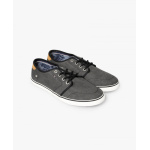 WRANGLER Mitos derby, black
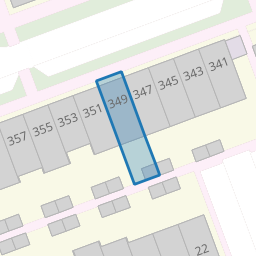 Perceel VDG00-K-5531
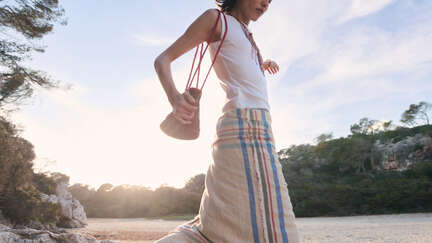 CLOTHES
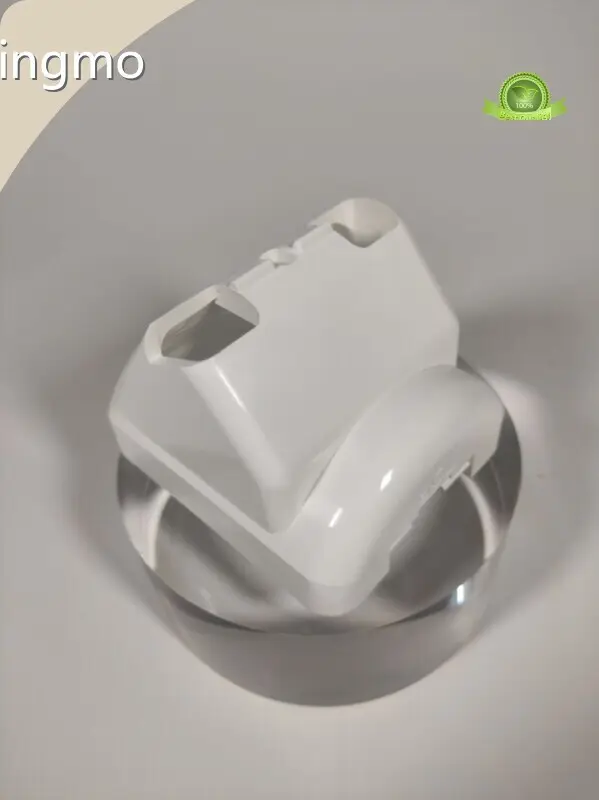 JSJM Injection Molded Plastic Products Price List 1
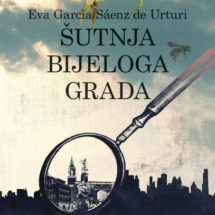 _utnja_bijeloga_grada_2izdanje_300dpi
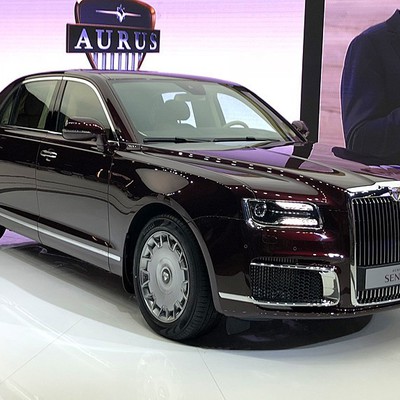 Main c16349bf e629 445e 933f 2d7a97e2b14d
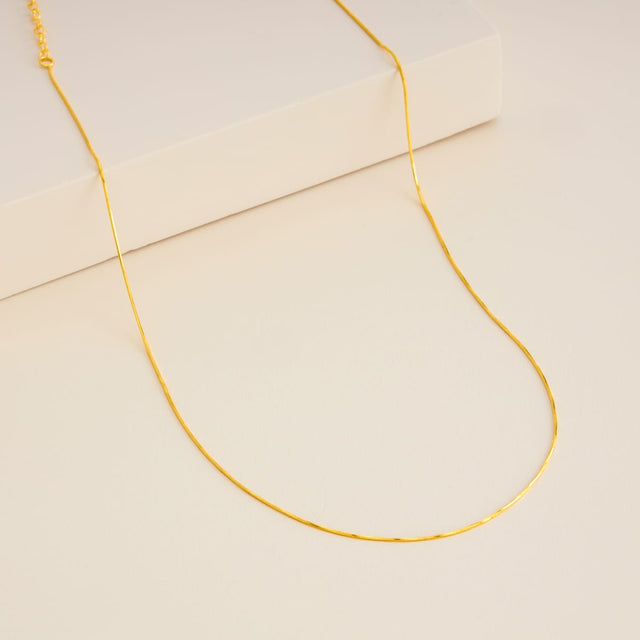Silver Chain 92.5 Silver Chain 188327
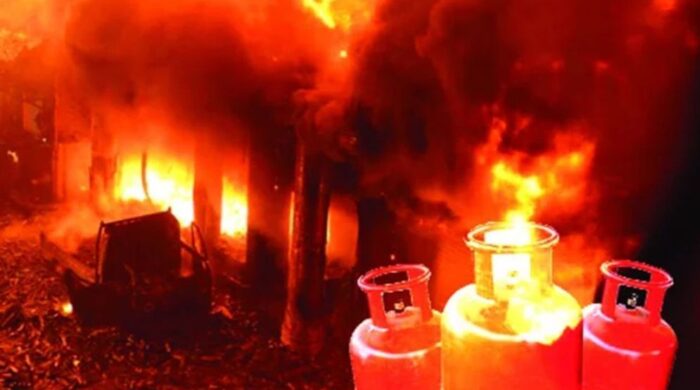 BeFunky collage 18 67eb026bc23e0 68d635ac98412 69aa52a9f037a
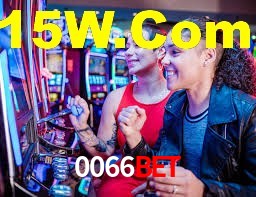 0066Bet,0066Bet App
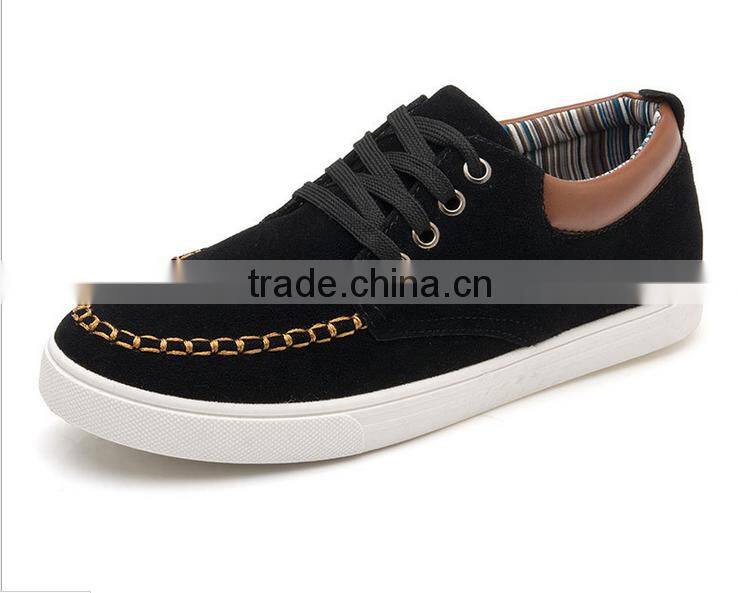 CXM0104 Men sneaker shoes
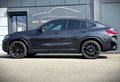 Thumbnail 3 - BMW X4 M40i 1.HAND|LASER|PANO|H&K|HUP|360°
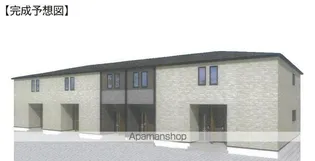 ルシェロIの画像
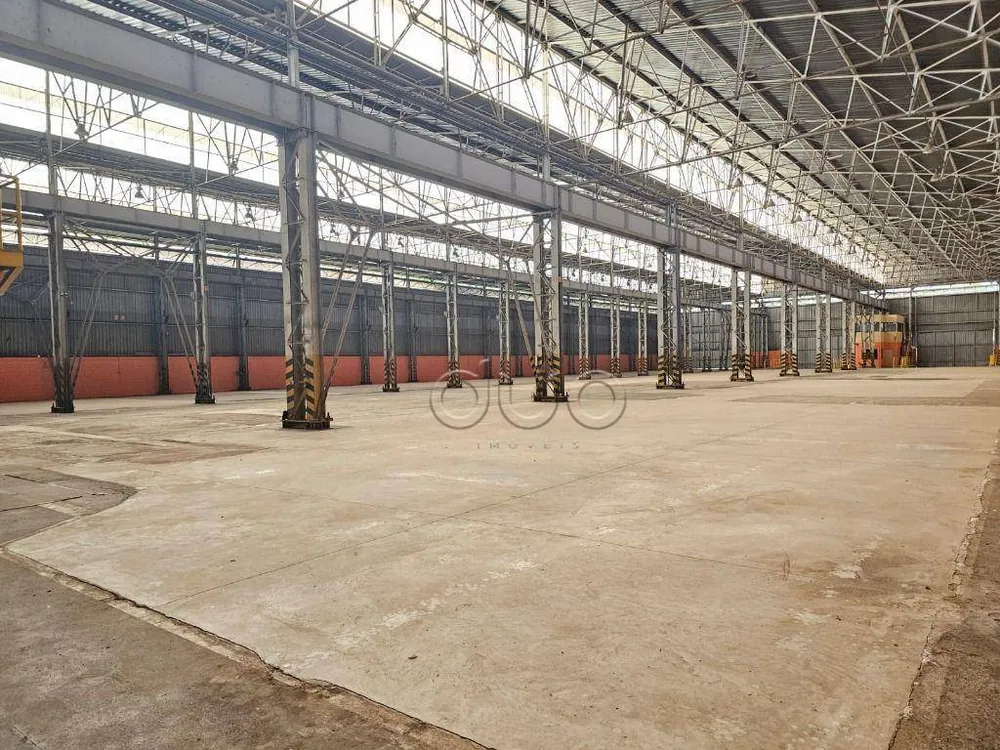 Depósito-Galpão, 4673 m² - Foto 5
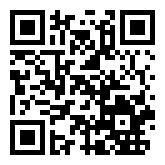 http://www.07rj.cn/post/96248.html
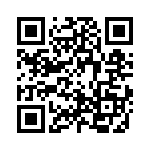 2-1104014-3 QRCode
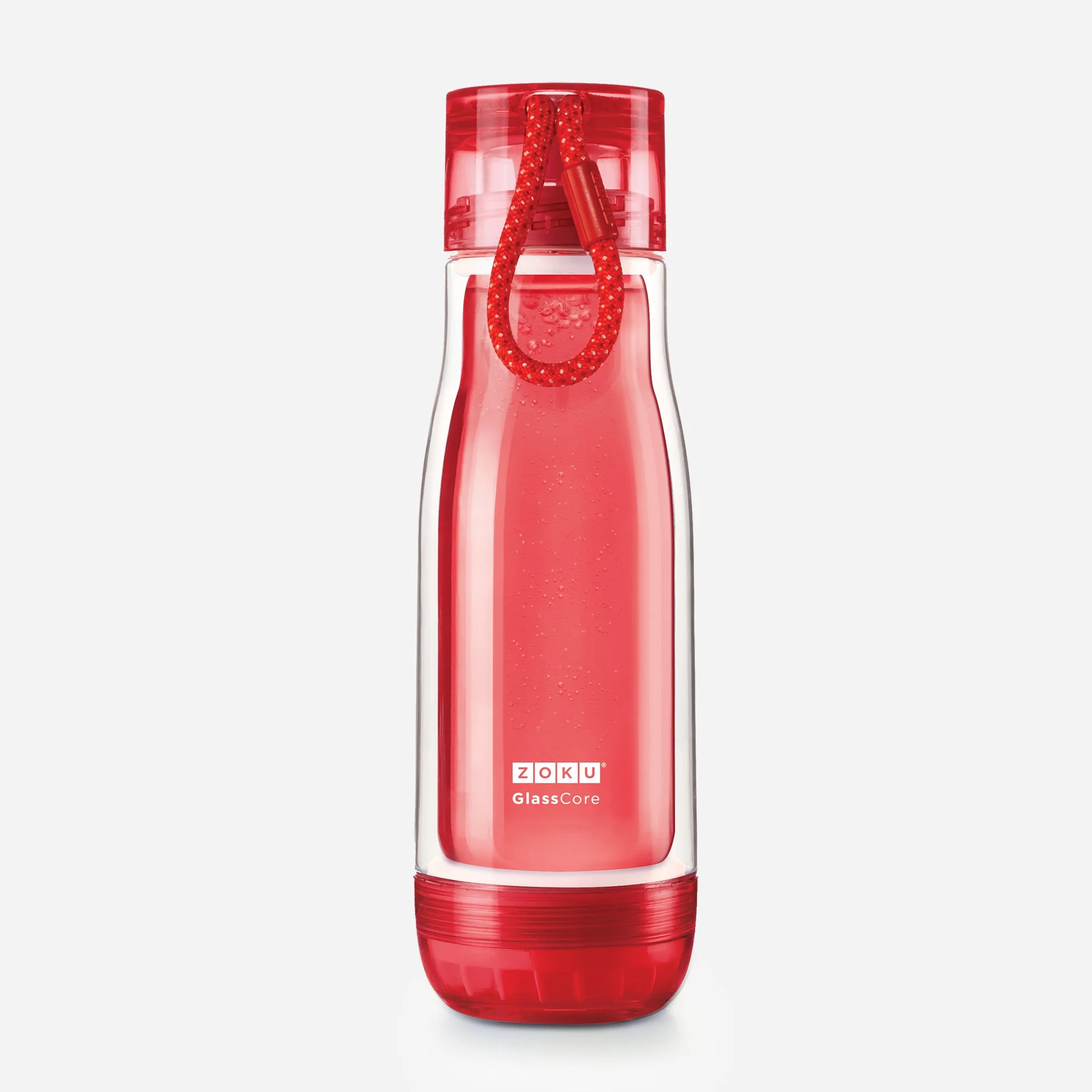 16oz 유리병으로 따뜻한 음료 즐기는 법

- TO DO
Your output should consist solely of the lines from the line containing "Perceel VDG00-K-5531" through the last line of the entries, verbatim, minus any pictures.

- OUTPUT BELOW
 Perceel VDG00-K-5531
 CLOTHES
 JSJM Injection Molded Plastic Products Price List 1
 _utnja_bijeloga_grada_2izdanje_300dpi
 Main c16349bf e629 445e 933f 2d7a97e2b14d
Silver Chain 92.5 Silver Chain 188327
 BeFunky collage 18 67eb026bc23e0 68d635ac98412 69aa52a9f037a
 0066Bet,0066Bet App
 CXM0104 Men sneaker shoes
 Thumbnail 3 - BMW X4 M40i 1.HAND|LASER|PANO|H&K|HUP|360°
 ルシェロIの画像
 Depósito-Galpão, 4673 m² - Foto 5
 http://www.07rj.cn/post/96248.html
 2-1104014-3 QRCode
 16oz 유리병으로 따뜻한 음료 즐기는 법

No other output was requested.